* WHAT IS REQUIRED *
Everything in the records must be copied exactly except the pictures.

* EXCERPTED DATA *
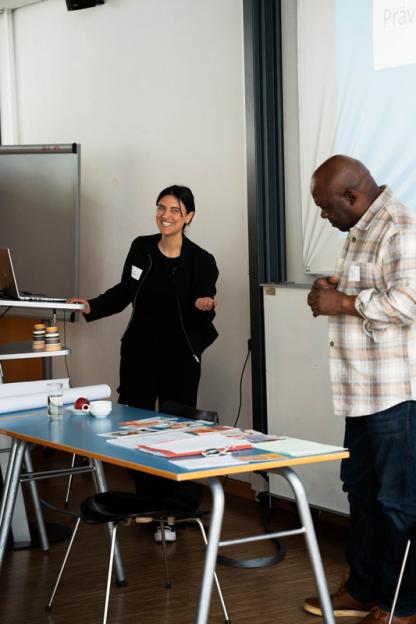 Zwei Vortragende während eines Workshops.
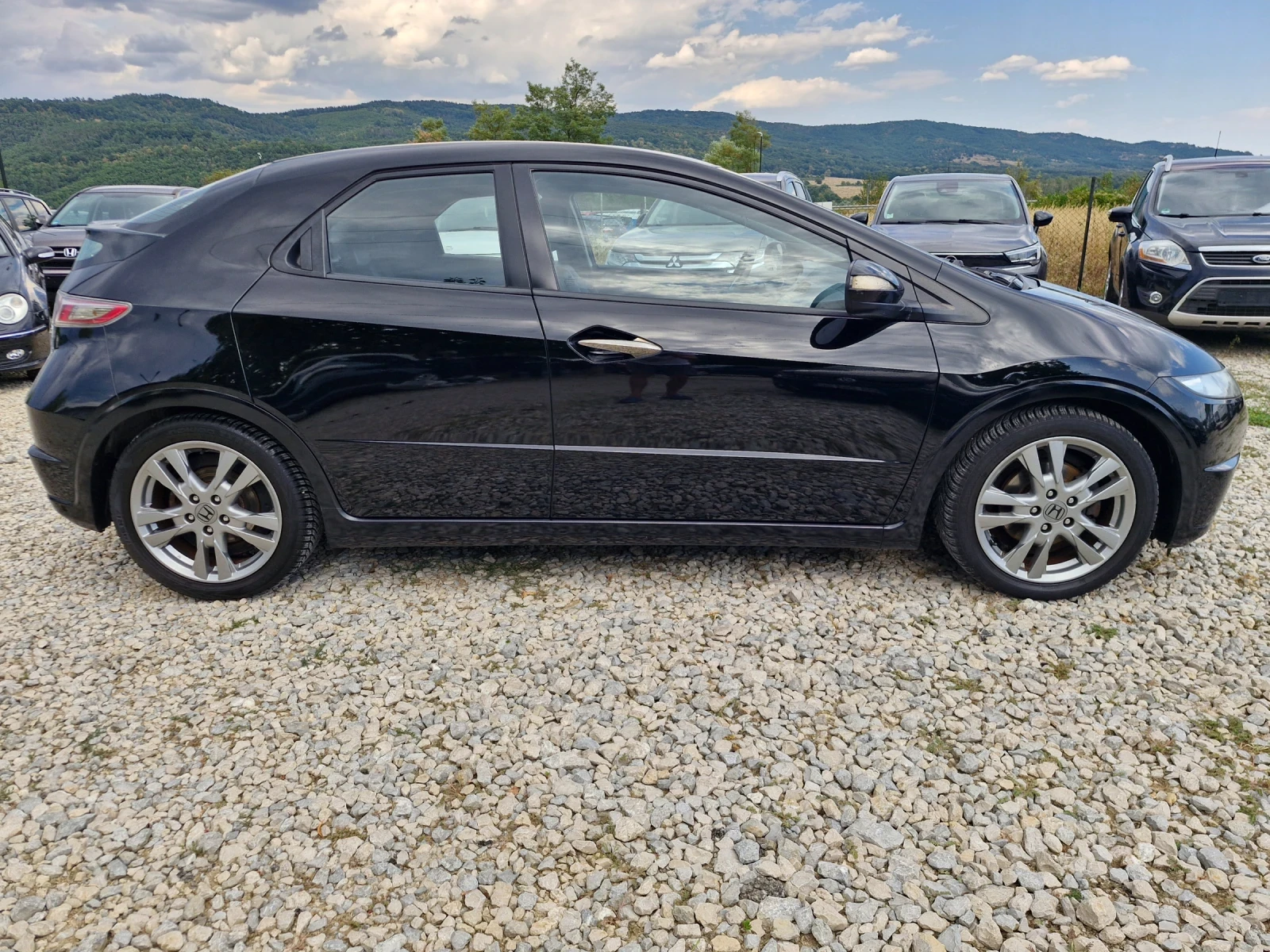 Honda Civic 1, 8* 140* АC* PDC* КОЖА* TUV* LPG, снимка 6 - Автомобили и джипове - 55699343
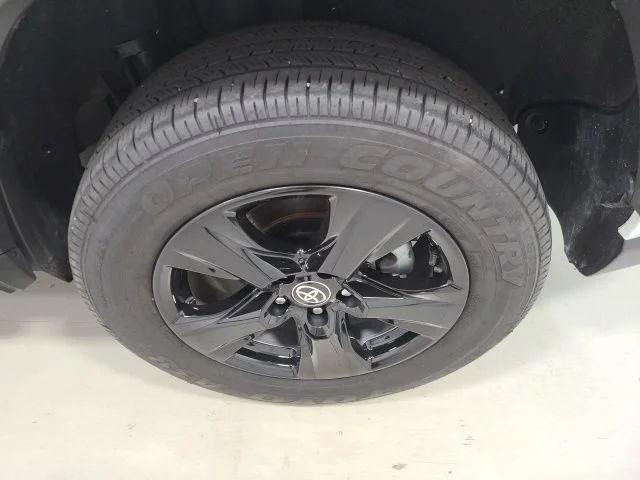Used 2024 Ice Cap Toyota XLE image 38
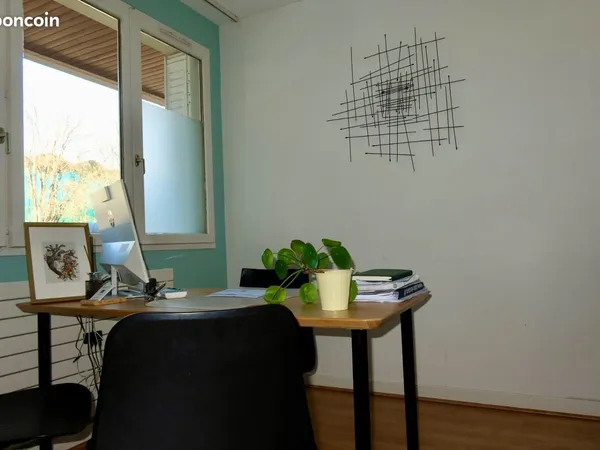 Bureaux 81 m² CLERMONT FERRAND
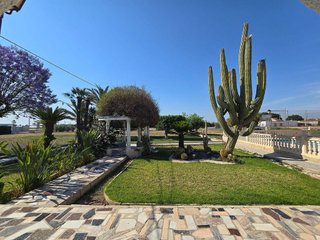 Chalet en alquiler en Las Bayas en Elche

* EXPECTED ANSWER *
 Zwei Vortragende während eines Workshops.
 Honda Civic 1, 8* 140* АC* PDC* КОЖА* TUV* LPG, снимка 6 - Автомобили и джипове - 55699343
Used 2024 Ice Cap Toyota XLE image 38
 Bureaux 81 m² CLERMONT FERRAND
 Chalet en alquiler en Las Bayas en Elche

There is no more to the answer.